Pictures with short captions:

________________________

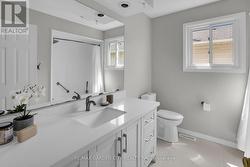 Upper bathroom - 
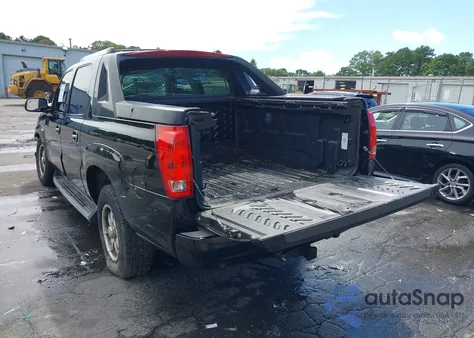 2003 Cadillac Escalade Ext Standard z USA, uszkodzony, nr VIN 3GYEK63N53G332472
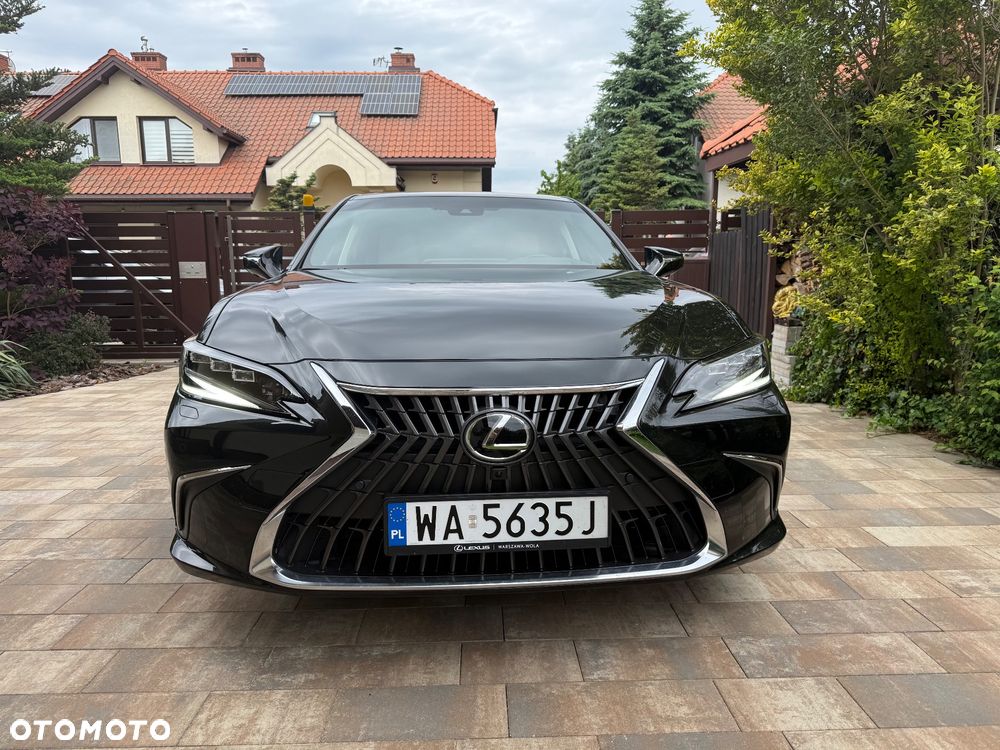 Lexus ES 300h Omotenashi - 1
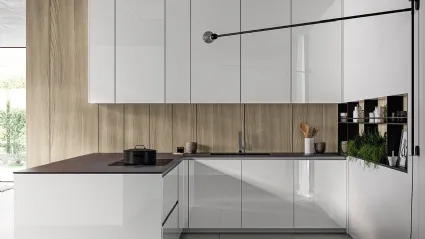 Cucina Moderna Glass 2 0 04 con penisola di Arredo3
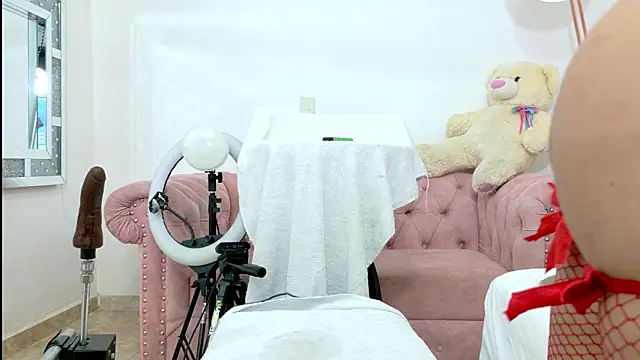 Ashley Jonness  online show from 02-15-26, 07:51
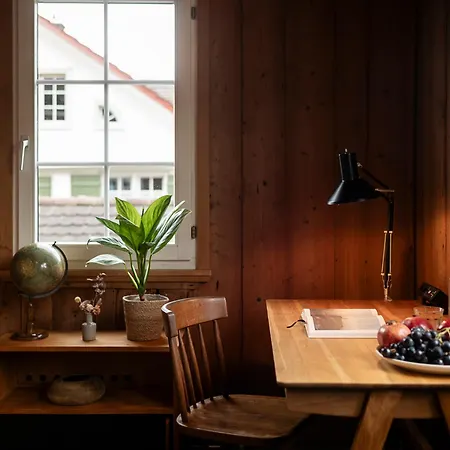 Apartamento Gemütliche Grosszügige Altes Schulhaus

________________________

* Action item: Beginning at the line that holds "Cucina Moderna Glass" and ending with the last line of the entries, please set down each line exactly, leaving every picture out.

* Response for this exercise:
 Cucina Moderna Glass 2 0 04 con penisola di Arredo3
 Ashley Jonness  online show from 02-15-26, 07:51
 Apartamento Gemütliche Grosszügige Altes Schulhaus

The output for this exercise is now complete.